-- Opening Marker --

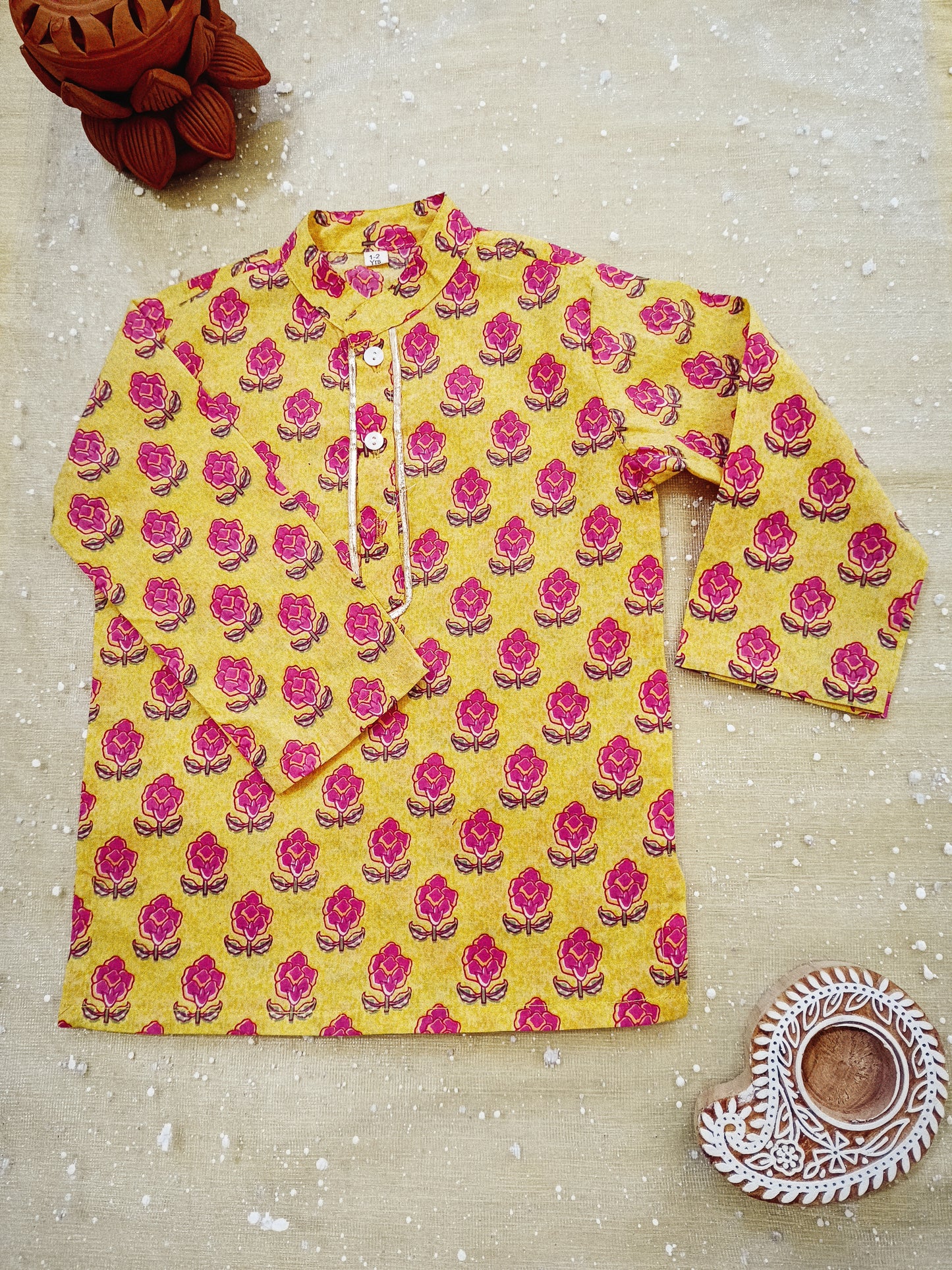 Mustard Block Print Boy's Kurta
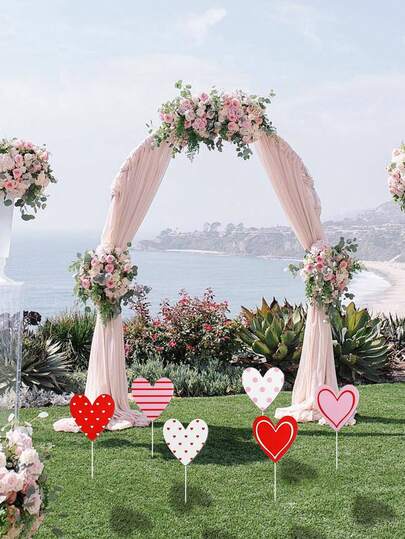 6个特大号红色、粉色、白色心形情人节装饰品，可爱心形装饰，适合用作情人节树顶装饰、家居和婚礼装饰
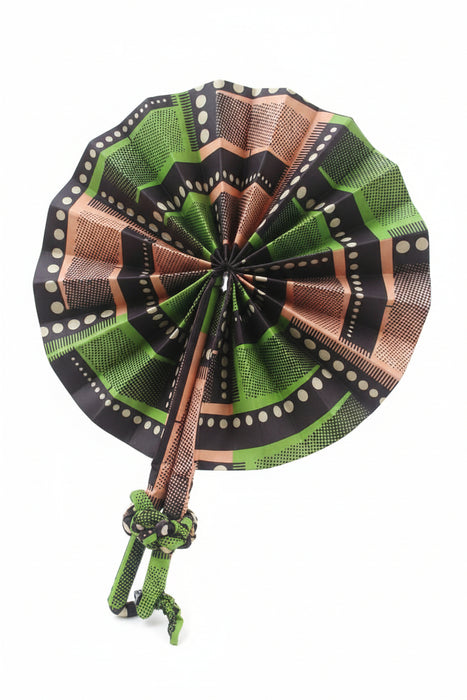 Handmade African Print Folding Hand Fan (Ankara / Kitenge Fabric)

-- Closing Marker --

§ Task: Everything in the data except the pictures must appear in your answer unchanged.

§ Solution for this problem:
 Mustard Block Print Boy's Kurta
 6个特大号红色、粉色、白色心形情人节装饰品，可爱心形装饰，适合用作情人节树顶装饰、家居和婚礼装饰
 Handmade African Print Folding Hand Fan (Ankara / Kitenge Fabric)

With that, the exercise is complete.